### Task objective
Exact copy, pictures excluded: set down only the lines from the one with "热刺中场球员状态回升成为球队关键得分点助力胜利" through the end of the entries, keeping both end lines.

### Data provided
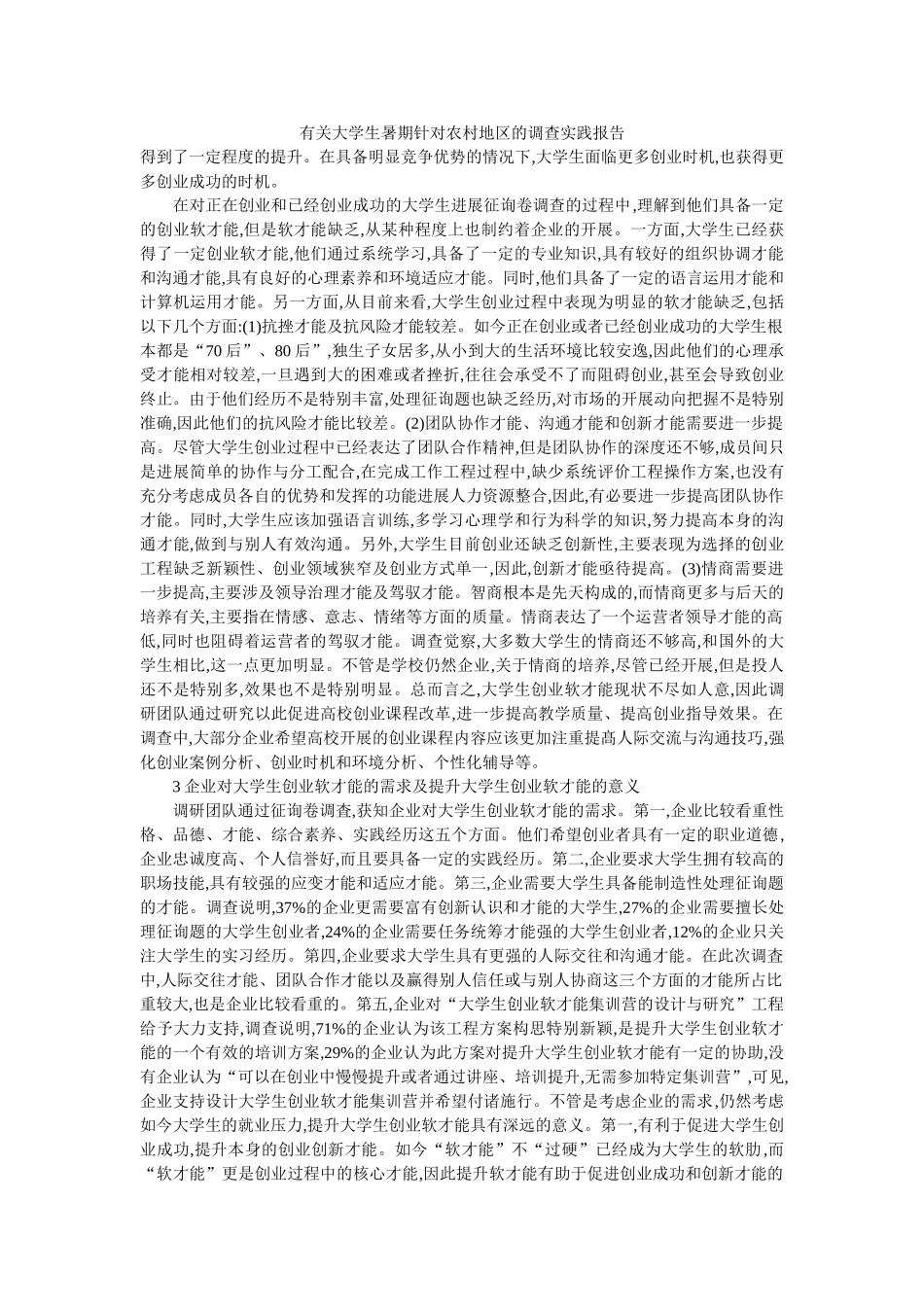 有关大学生暑期针对农村地区的调查实践报告 _第1页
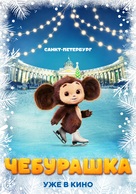 Cheburashka - Russian Movie Poster (xs thumbnail)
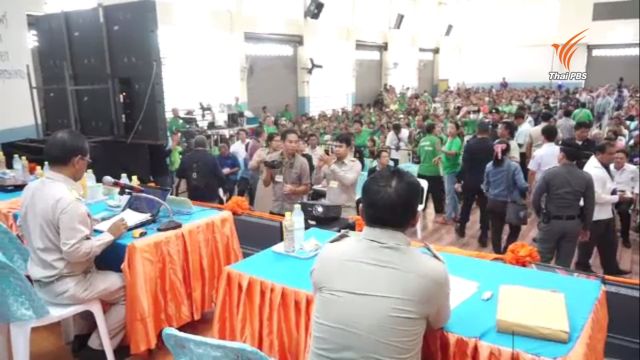 คัดค้านเวทีรับฟังความเห็นเหมืองแร่โปแตช จ.อุดรธานี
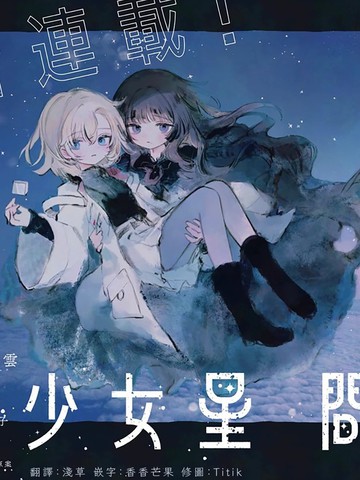 少女星间漂流记,少女星间漂流记漫画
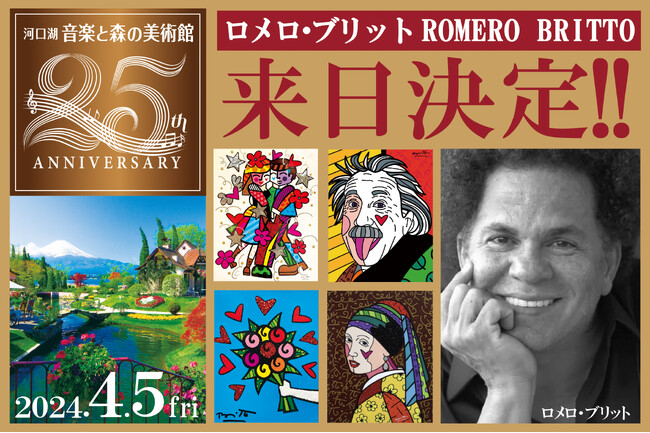 【河口湖音楽と森の美術館 開館25周年記念】2024年4月5日(金) 世界的なポップアーティスト『ロメロ・ブリット』氏来日決定  (2024年3月28日) - エキサイトニュース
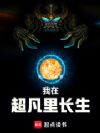 我在超凡里长生
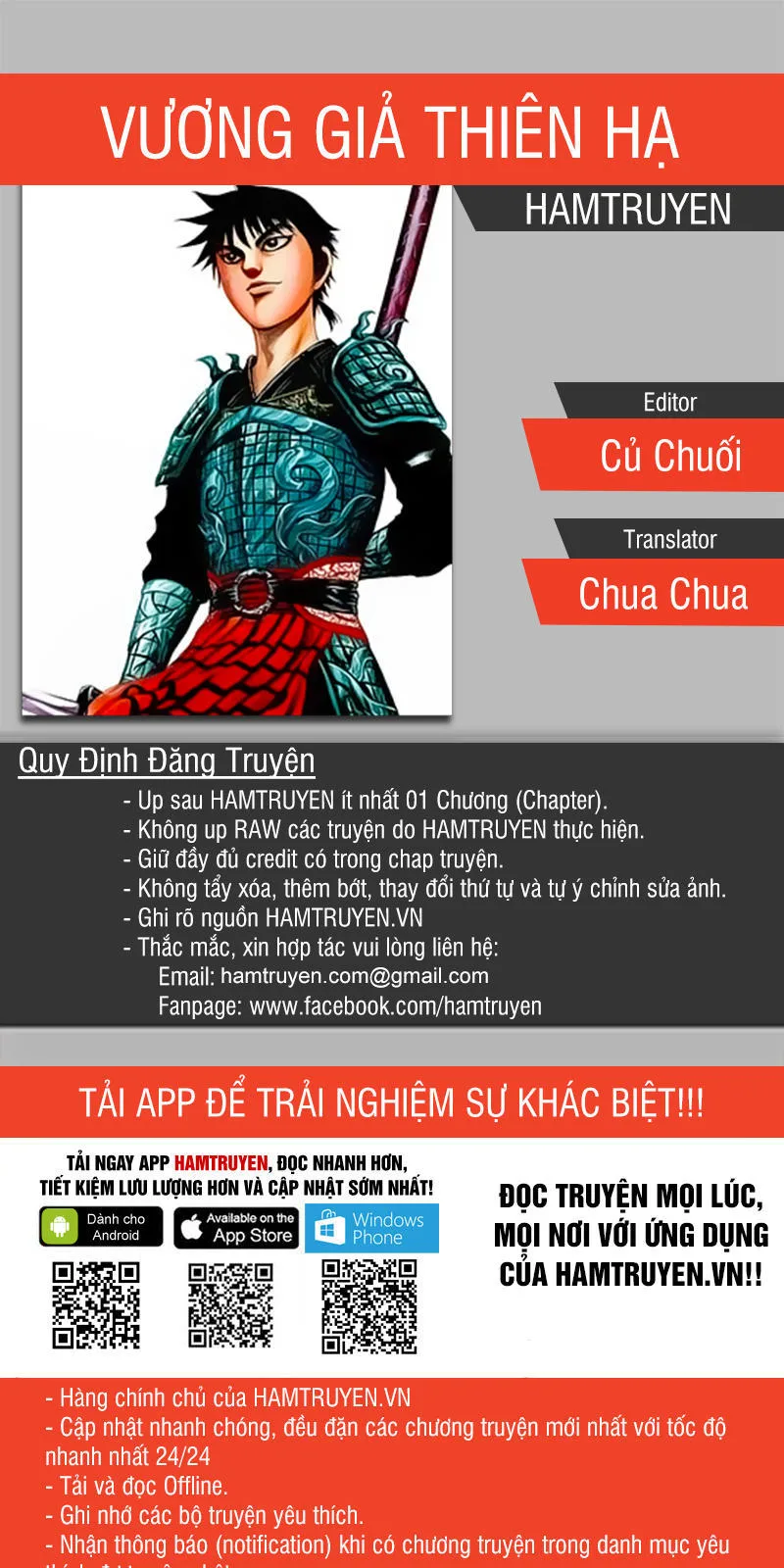 Vương Giả Thiên Hạ chương 510 - trang 1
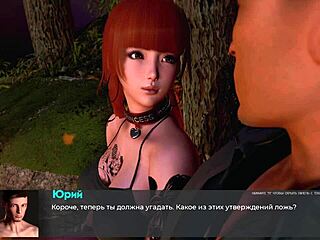 feel the intense fucking with big tits slut in deviant anomalies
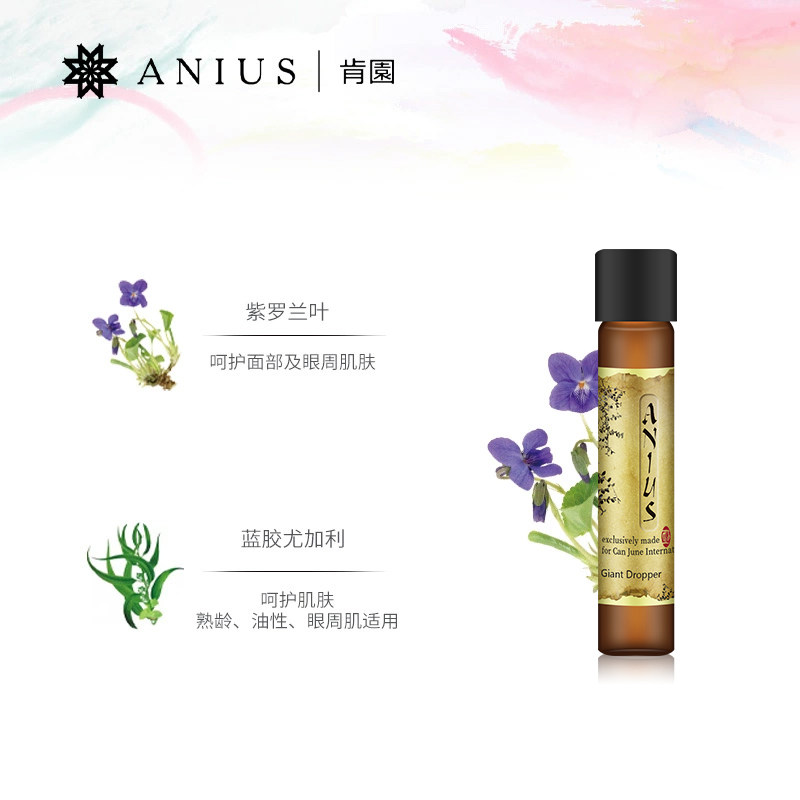 水谷雅子推荐肯园巨人魔杖精华油 anius肯园液态精华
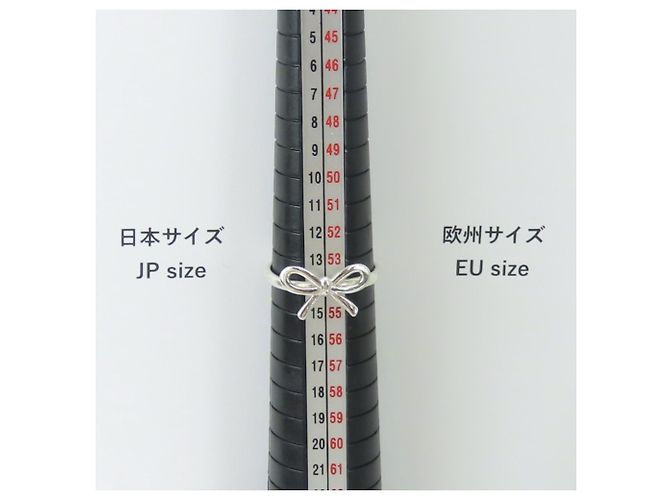 Tiffany & Co. Ribbon Ring Silber - Ansicht 7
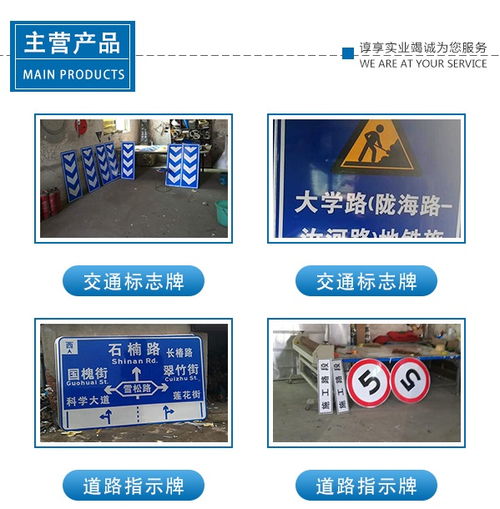 登封安全警示標志標牌 安全警示標志標牌制作公司 諄享實業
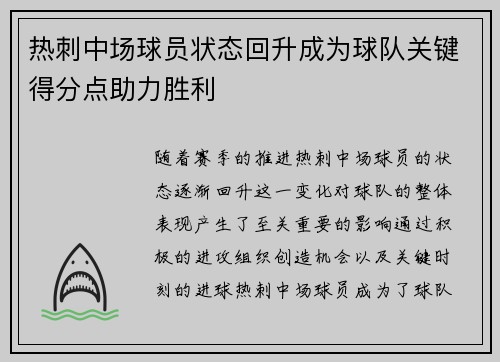 热刺中场球员状态回升成为球队关键得分点助力胜利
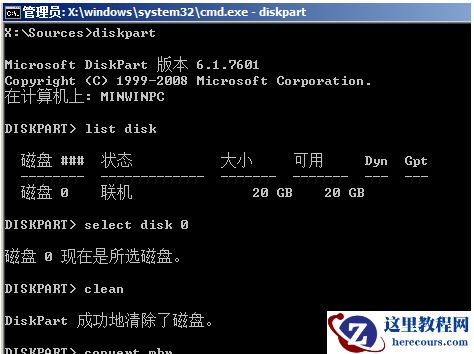 Win10系统gpt分区无法安装怎么解决?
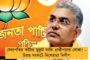 'স্বচ্ছ ভারতে' অস্বচ্ছ রেল - অপরিচ্ছন্নতায় নয়া নজির মোদী সরকারের
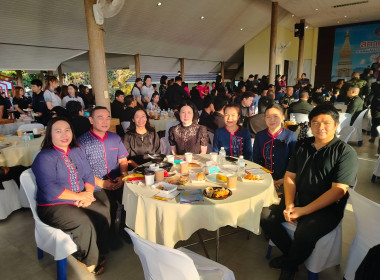 สหกรณ์จังหวัดนครพนม เข้าร่วมกิจกรรมสภากาแฟ Ep. 3 ... พารามิเตอร์รูปภาพ 5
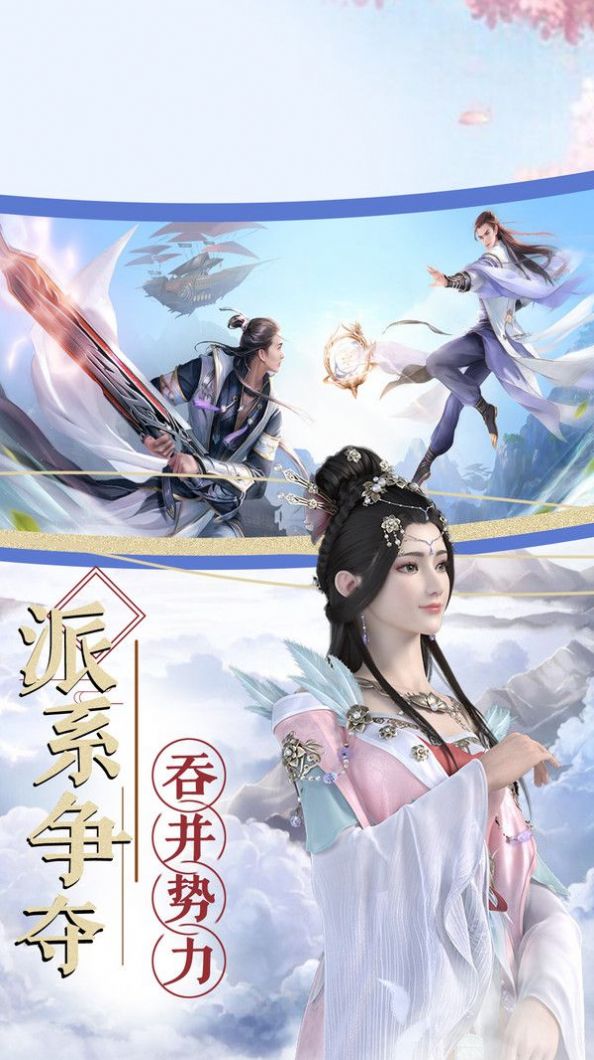 轩辕神尊手游官方最新版图片2
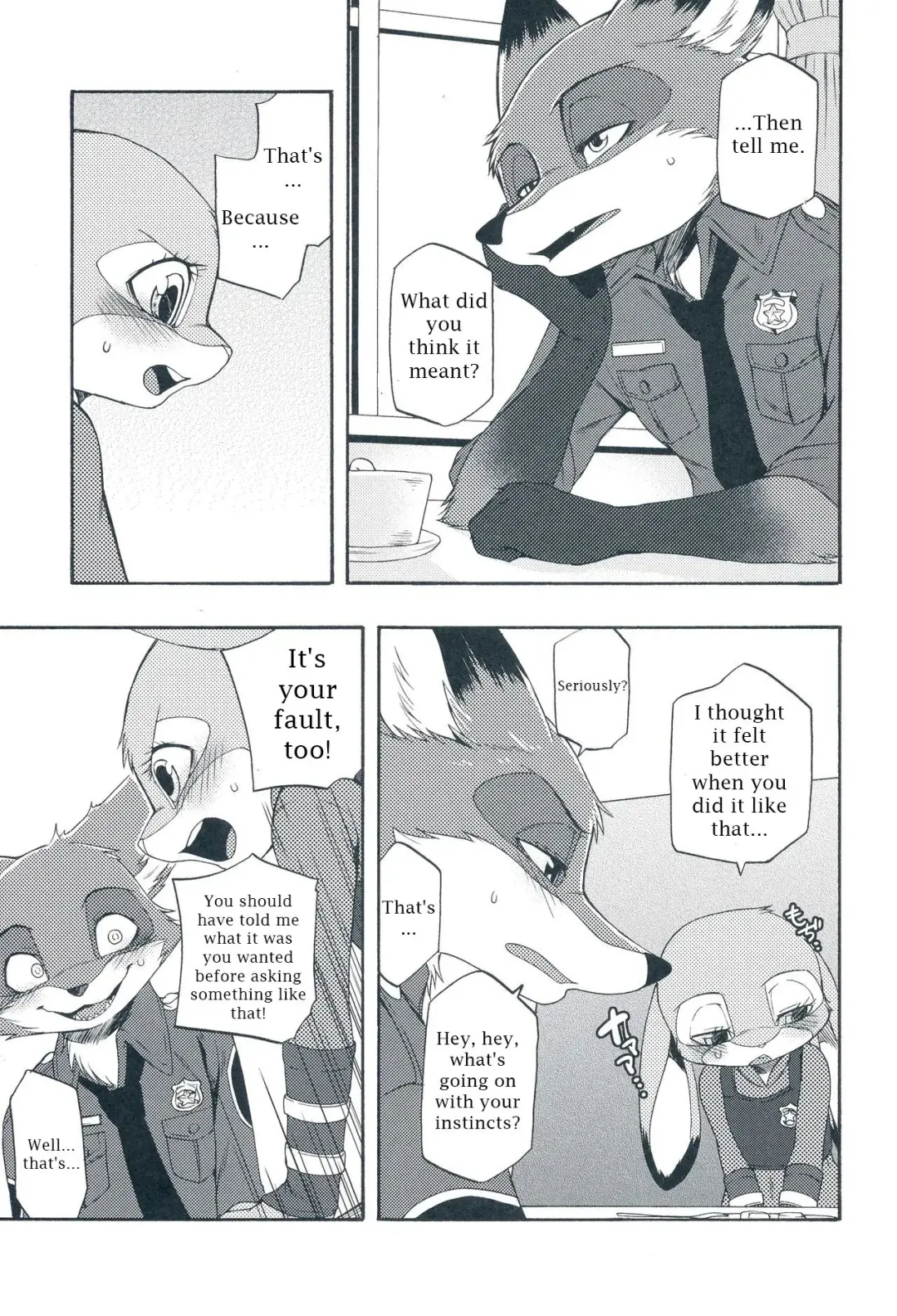 [Inumimi Moeta] I wish Fhentai - Page 16
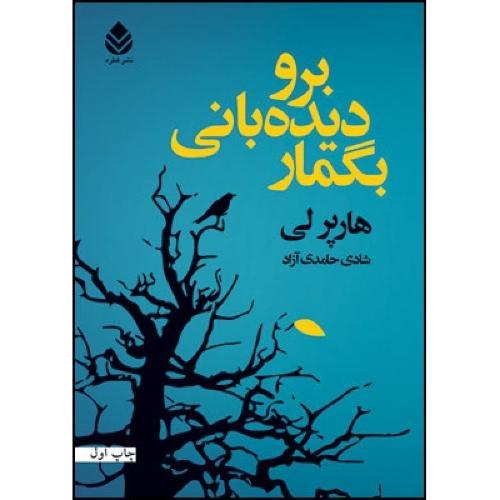 بازداشتگاه/گامبارو/پرورش/قطره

### Result of the task
 热刺中场球员状态回升成为球队关键得分点助力胜利
 Win10系统gpt分区无法安装怎么解决?
 'স্বচ্ছ ভারতে' অস্বচ্ছ রেল - অপরিচ্ছন্নতায় নয়া নজির মোদী সরকারের
 สหกรณ์จังหวัดนครพนม เข้าร่วมกิจกรรมสภากาแฟ Ep. 3 ... พารามิเตอร์รูปภาพ 5
 轩辕神尊手游官方最新版图片2
 [Inumimi Moeta] I wish Fhentai - Page 16
 بازداشتگاه/گامبارو/پرورش/قطره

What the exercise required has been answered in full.